**Exercise goal:** Take the line with "Thumbnail 29 of" as the first and the last line of the data as the end. Write out both and every line between exactly, except pictures.

**Source material:**
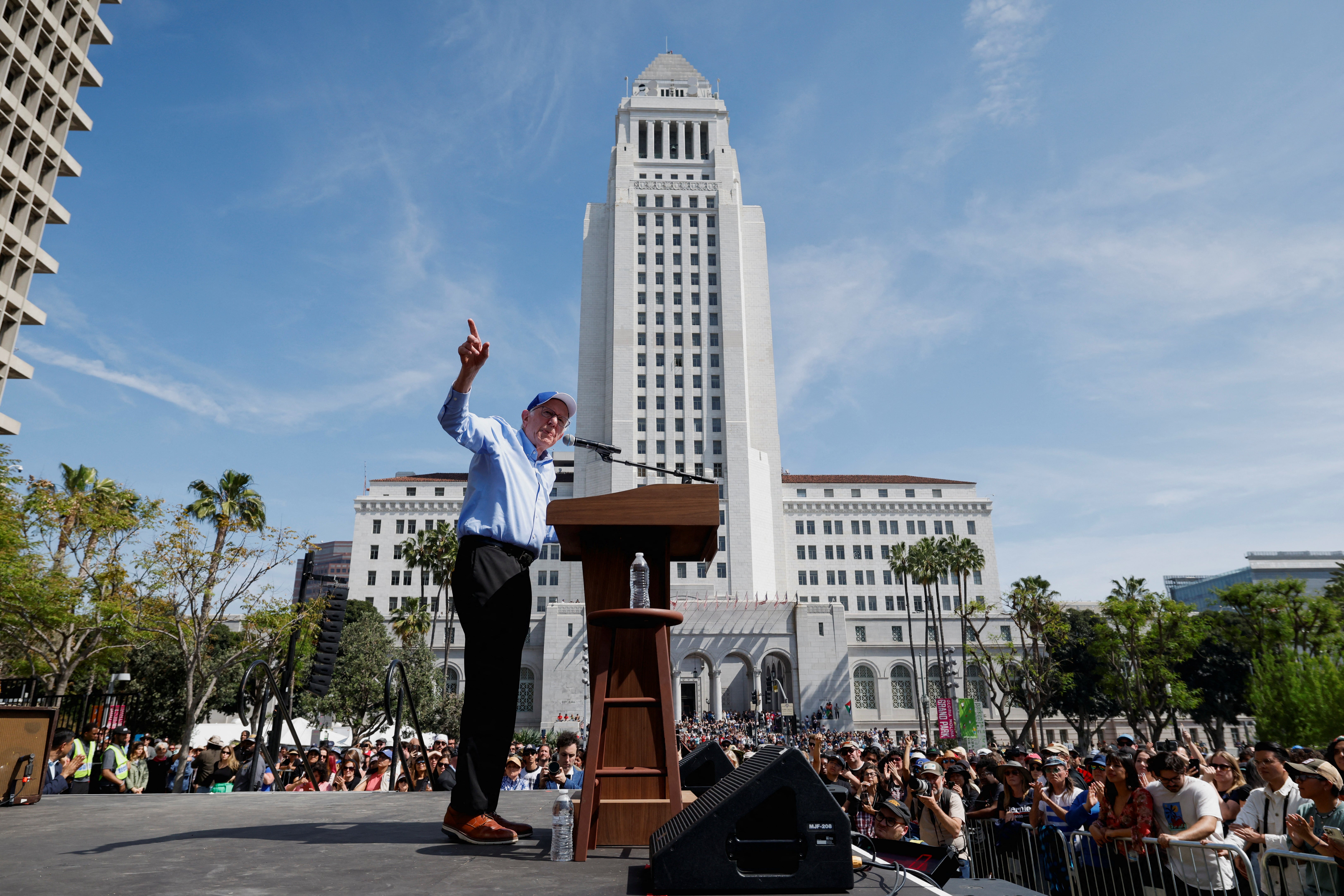 Senator Bernie Sanders (I-VT) gestures as he speaks during a rally held along with Representative Alexandria Ocasio-Cortez (D-NY), in Los Angeles, California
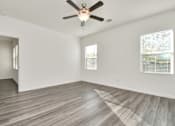 Thumbnail 29 of 41 - A room with a ceiling fan and wooden flooring.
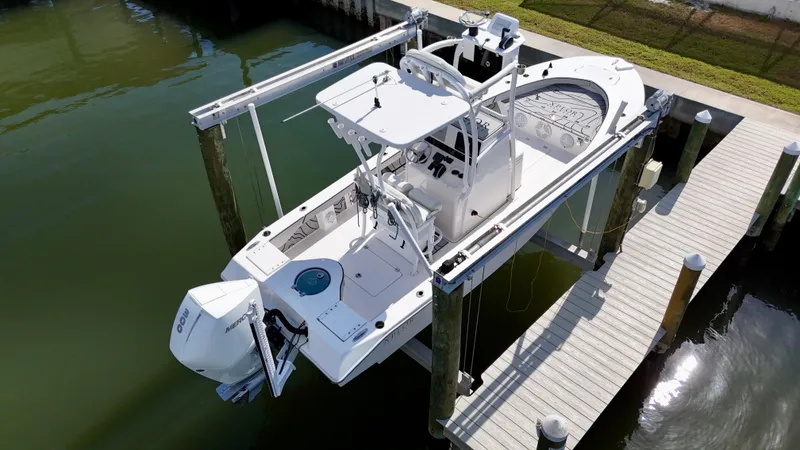 Slide: The Image of 2022 Xplor x24 Andros Mercury 300 boat with tower, docked on a lift. - 3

**Task result:**
 Thumbnail 29 of 41 - A room with a ceiling fan and wooden flooring.
 Slide: The Image of 2022 Xplor x24 Andros Mercury 300 boat with tower, docked on a lift. - 3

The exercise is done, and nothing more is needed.